◆ **Available data**
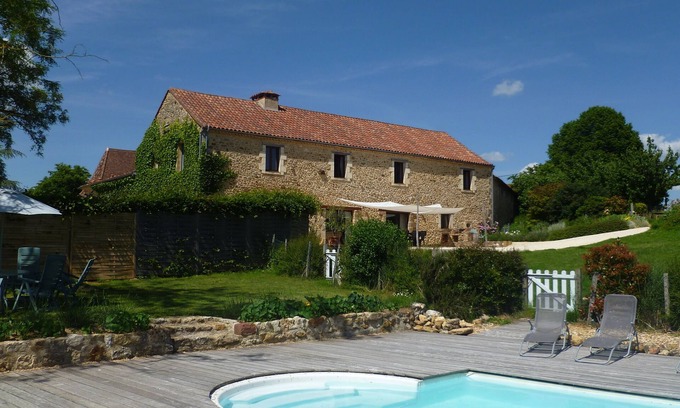 Carves Cottage | Spacious Gite for 12 with Pool and Scenic Views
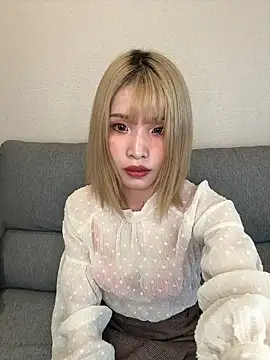 una2001 online show from May 2026 02:17:01 AM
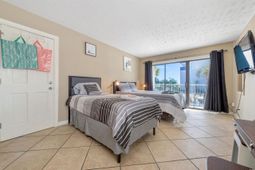 2000 S Ocean Blvd.  photo 4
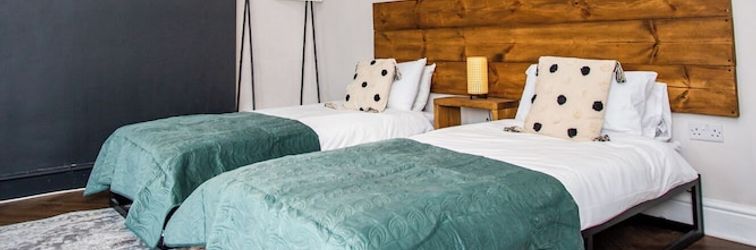 Others Pine St House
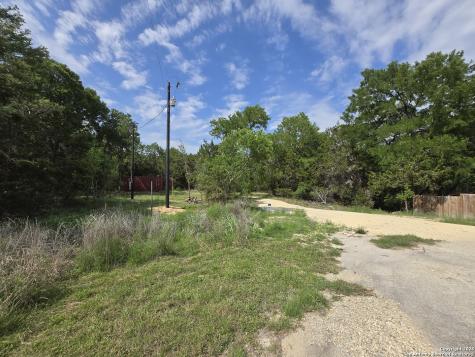 555 Iroquois Trail Bandera TX 78003
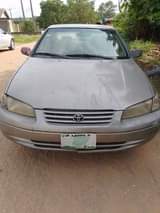 A picture of Toyota Camry 1999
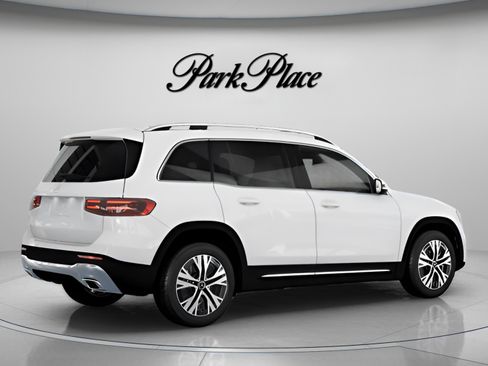 Used 2026 Mercedes-Benz GLB 250 image 22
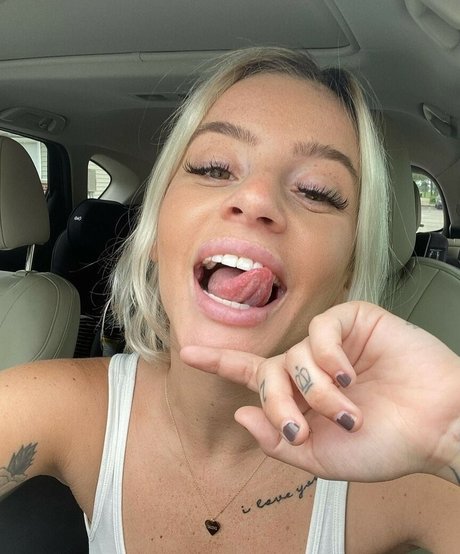 Nacktes geleaktes OnlyFans-Foto von Officialcorimilesig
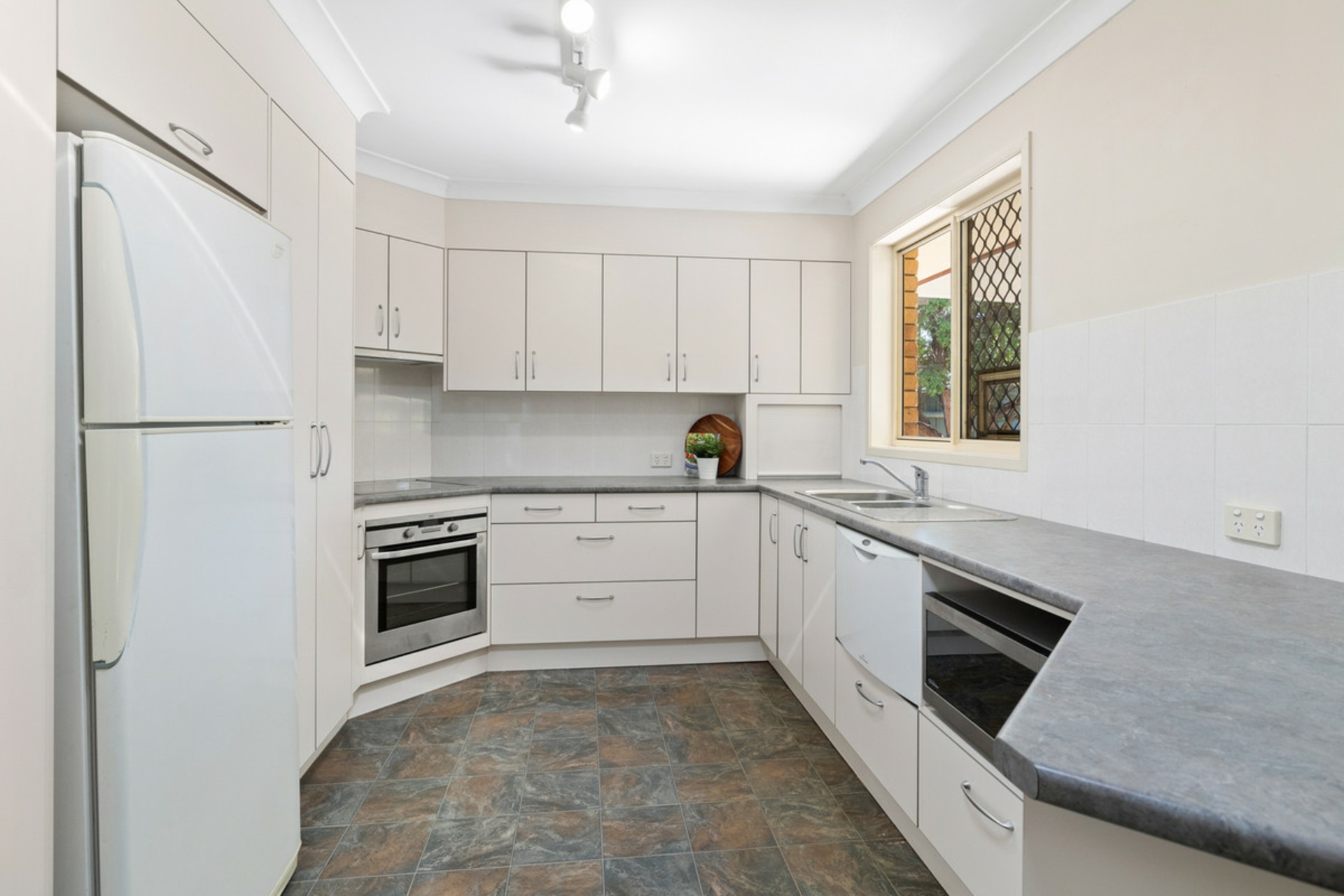 19 Jacaranda Street, WYNNUM WEST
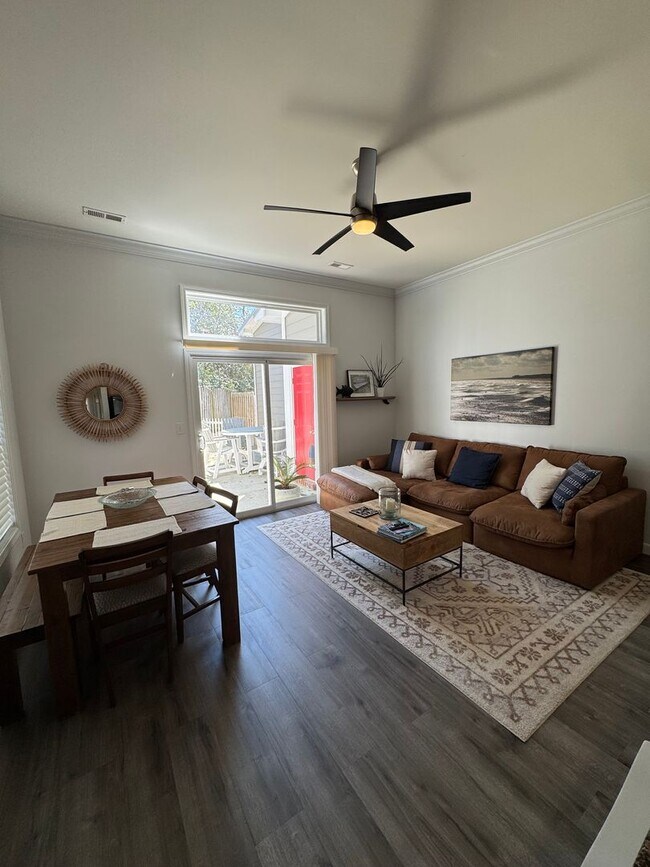 Building Photo - Seagate- Close to Wrightsville Beach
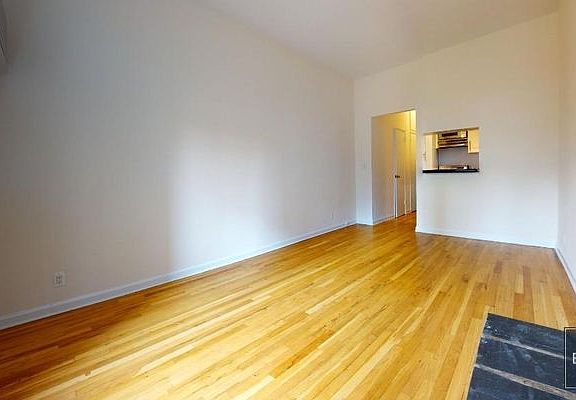 3rd image of 171 E 83rd St APT 6F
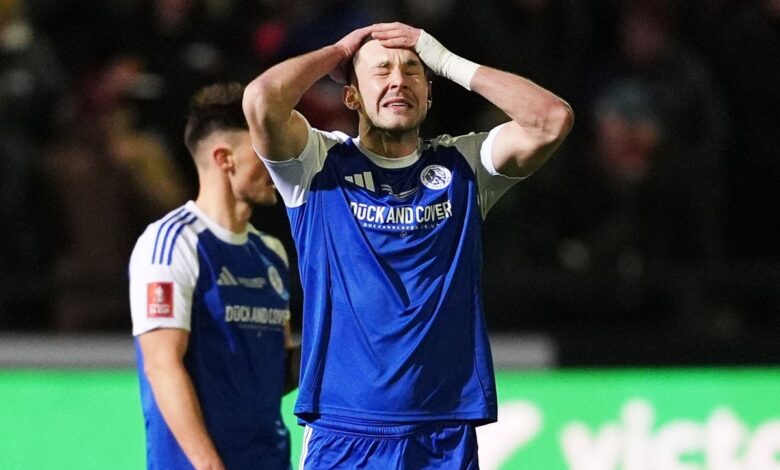 Брентфорд је победио Маклсфилд који није у лиги да би избегао пораз у ФА Купу Брентфорд је победио Маклсфилд који није у лиги да би избегао пораз у ФА Купу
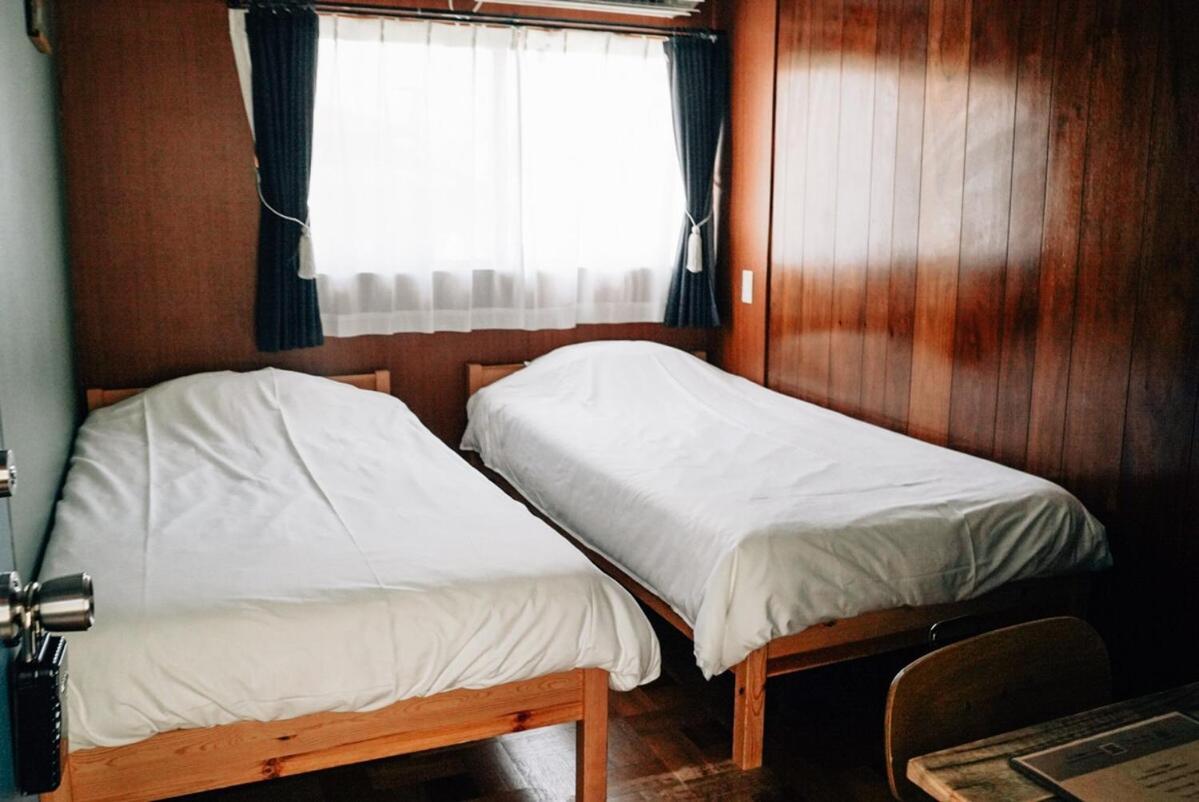 Tipy Records Inn Hanare Odawara Esterno foto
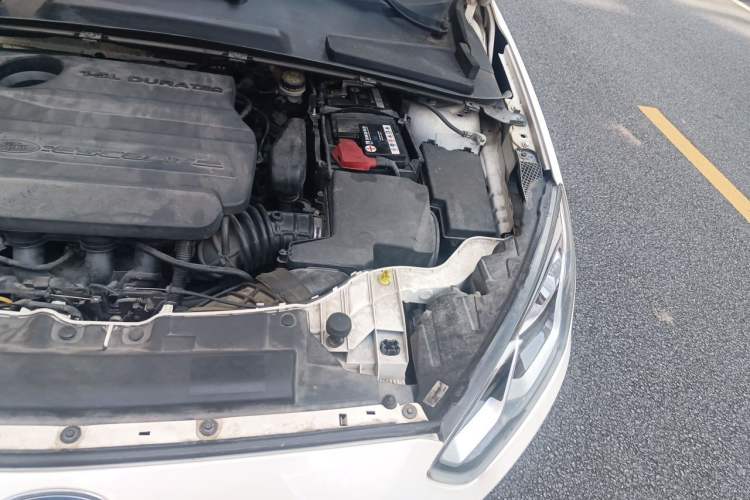 Used Ford Escort 2015 1.5L Automatic Fashion Model Engine Bay Left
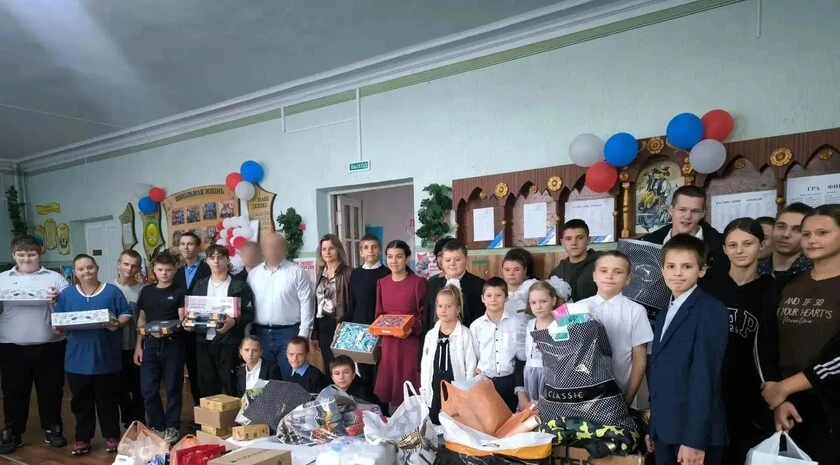 🙏Сотрудники Управления ФСБ России по ЛНР передали Кленовой специальной школе-интернату...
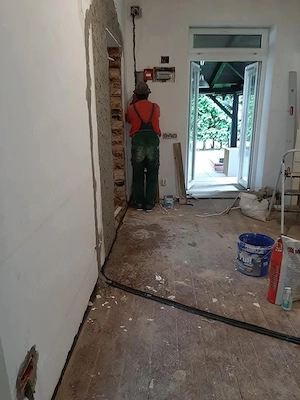 Echipă de instalatori și electricieni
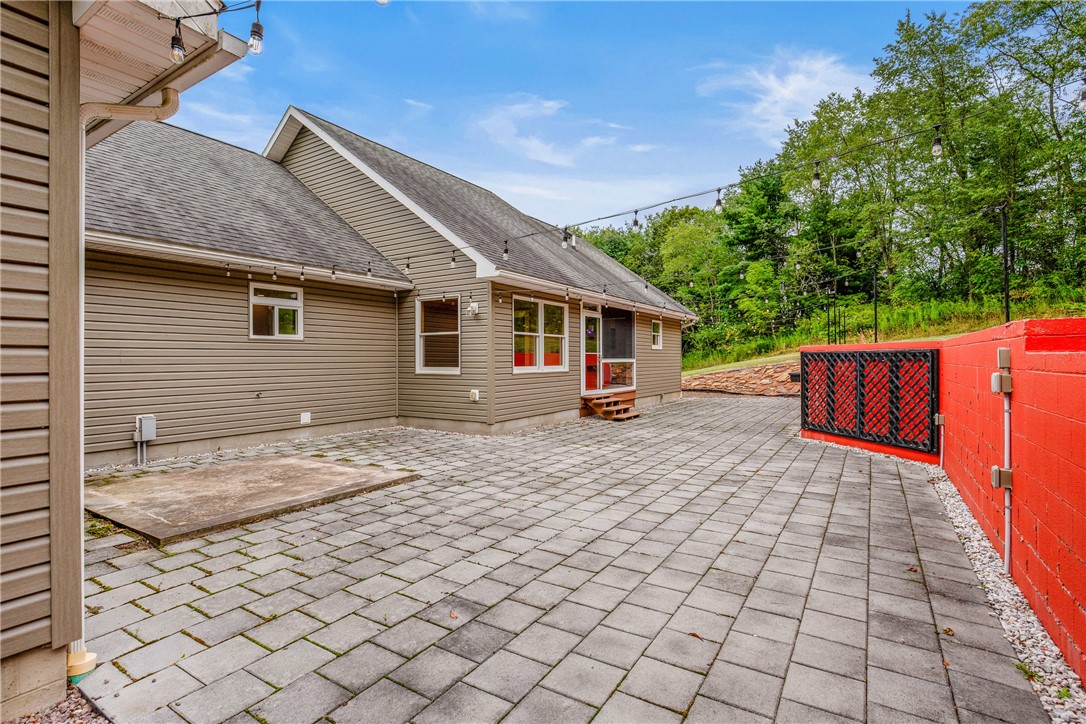 Salisbury, Pennsylvania 15558, United States, 4 Bedrooms Bedrooms, ,3 BathroomsBathrooms,Residential,Contingent,197935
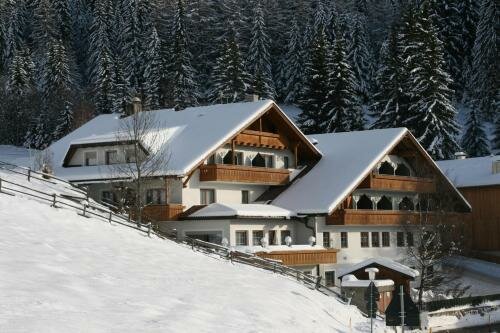Naturhotel Miraval, Забронировать Отель Гайс Валле-Аурина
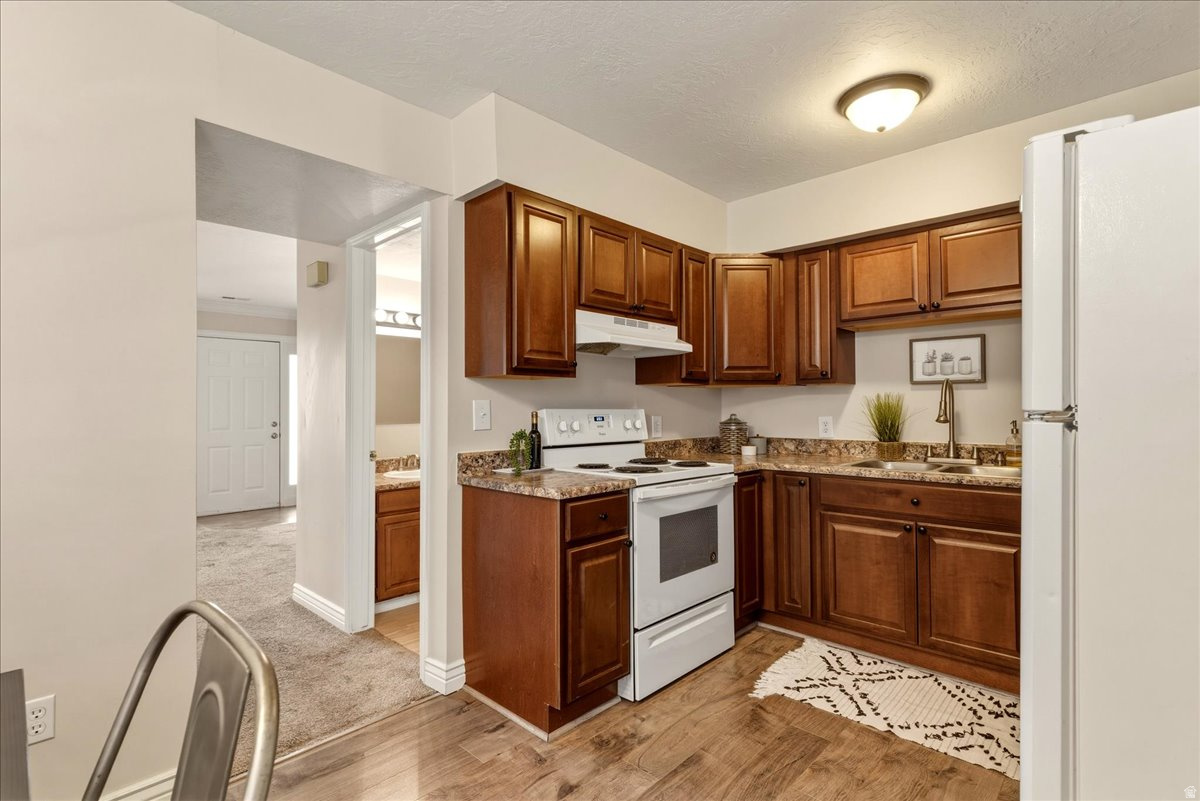 PEARWOOD - Residential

◆ **Activity**
In your copy of the material, match every word exactly and include no pictures.

◆ **Exercise output**
 Carves Cottage | Spacious Gite for 12 with Pool and Scenic Views
 una2001 online show from May 2026 02:17:01 AM
 2000 S Ocean Blvd.  photo 4
 Others Pine St House
 555 Iroquois Trail Bandera TX 78003
 A picture of Toyota Camry 1999
 Used 2026 Mercedes-Benz GLB 250 image 22
 Nacktes geleaktes OnlyFans-Foto von Officialcorimilesig
 19 Jacaranda Street, WYNNUM WEST
 Building Photo - Seagate- Close to Wrightsville Beach
 3rd image of 171 E 83rd St APT 6F
 Брентфорд је победио Маклсфилд који није у лиги да би избегао пораз у ФА Купу Брентфорд је победио Маклсфилд који није у лиги да би избегао пораз у ФА Купу
 Tipy Records Inn Hanare Odawara Esterno foto
 Used Ford Escort 2015 1.5L Automatic Fashion Model Engine Bay Left
 🙏Сотрудники Управления ФСБ России по ЛНР передали Кленовой специальной школе-интернату...
 Echipă de instalatori și electricieni
 Salisbury, Pennsylvania 15558, United States, 4 Bedrooms Bedrooms, ,3 BathroomsBathrooms,Residential,Contingent,197935
Naturhotel Miraval, Забронировать Отель Гайс Валле-Аурина
 PEARWOOD - Residential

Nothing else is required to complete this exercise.